Task statement
A word-for-word restatement of the data is what is needed.

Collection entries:
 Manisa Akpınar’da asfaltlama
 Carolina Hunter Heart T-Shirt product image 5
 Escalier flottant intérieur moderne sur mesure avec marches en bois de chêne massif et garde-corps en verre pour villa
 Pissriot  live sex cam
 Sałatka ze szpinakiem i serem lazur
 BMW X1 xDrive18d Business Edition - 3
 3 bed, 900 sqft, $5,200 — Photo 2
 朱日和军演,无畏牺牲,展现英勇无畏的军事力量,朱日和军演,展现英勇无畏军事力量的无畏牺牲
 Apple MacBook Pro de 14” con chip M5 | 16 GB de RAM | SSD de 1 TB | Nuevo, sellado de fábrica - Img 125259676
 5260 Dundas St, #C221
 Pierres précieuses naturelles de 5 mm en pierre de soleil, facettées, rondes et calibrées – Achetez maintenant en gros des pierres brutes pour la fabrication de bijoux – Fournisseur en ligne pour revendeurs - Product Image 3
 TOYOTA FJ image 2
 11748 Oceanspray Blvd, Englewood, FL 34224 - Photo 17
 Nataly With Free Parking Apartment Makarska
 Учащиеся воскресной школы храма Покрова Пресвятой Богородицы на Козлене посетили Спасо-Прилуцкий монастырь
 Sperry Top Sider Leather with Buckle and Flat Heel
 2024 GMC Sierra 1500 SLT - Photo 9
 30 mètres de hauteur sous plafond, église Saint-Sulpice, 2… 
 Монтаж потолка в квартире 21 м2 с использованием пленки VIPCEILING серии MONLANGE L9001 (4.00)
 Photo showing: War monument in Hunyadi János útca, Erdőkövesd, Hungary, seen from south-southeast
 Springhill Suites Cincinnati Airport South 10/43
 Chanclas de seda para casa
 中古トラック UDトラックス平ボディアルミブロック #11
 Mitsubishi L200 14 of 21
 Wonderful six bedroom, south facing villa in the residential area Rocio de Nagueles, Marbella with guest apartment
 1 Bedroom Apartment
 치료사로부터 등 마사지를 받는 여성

Problem solution
 Manisa Akpınar’da asfaltlama
 Carolina Hunter Heart T-Shirt product image 5
 Escalier flottant intérieur moderne sur mesure avec marches en bois de chêne massif et garde-corps en verre pour villa
 Pissriot  live sex cam
 Sałatka ze szpinakiem i serem lazur
 BMW X1 xDrive18d Business Edition - 3
 3 bed, 900 sqft, $5,200 — Photo 2
 朱日和军演,无畏牺牲,展现英勇无畏的军事力量,朱日和军演,展现英勇无畏军事力量的无畏牺牲
 Apple MacBook Pro de 14” con chip M5 | 16 GB de RAM | SSD de 1 TB | Nuevo, sellado de fábrica - Img 125259676
 5260 Dundas St, #C221
 Pierres précieuses naturelles de 5 mm en pierre de soleil, facettées, rondes et calibrées – Achetez maintenant en gros des pierres brutes pour la fabrication de bijoux – Fournisseur en ligne pour revendeurs - Product Image 3
 TOYOTA FJ image 2
 11748 Oceanspray Blvd, Englewood, FL 34224 - Photo 17
 Nataly With Free Parking Apartment Makarska
 Учащиеся воскресной школы храма Покрова Пресвятой Богородицы на Козлене посетили Спасо-Прилуцкий монастырь
 Sperry Top Sider Leather with Buckle and Flat Heel
 2024 GMC Sierra 1500 SLT - Photo 9
 30 mètres de hauteur sous plafond, église Saint-Sulpice, 2… 
 Монтаж потолка в квартире 21 м2 с использованием пленки VIPCEILING серии MONLANGE L9001 (4.00)
 Photo showing: War monument in Hunyadi János útca, Erdőkövesd, Hungary, seen from south-southeast
 Springhill Suites Cincinnati Airport South 10/43
 Chanclas de seda para casa
 中古トラック UDトラックス平ボディアルミブロック #11
 Mitsubishi L200 14 of 21
 Wonderful six bedroom, south facing villa in the residential area Rocio de Nagueles, Marbella with guest apartment
 1 Bedroom Apartment
 치료사로부터 등 마사지를 받는 여성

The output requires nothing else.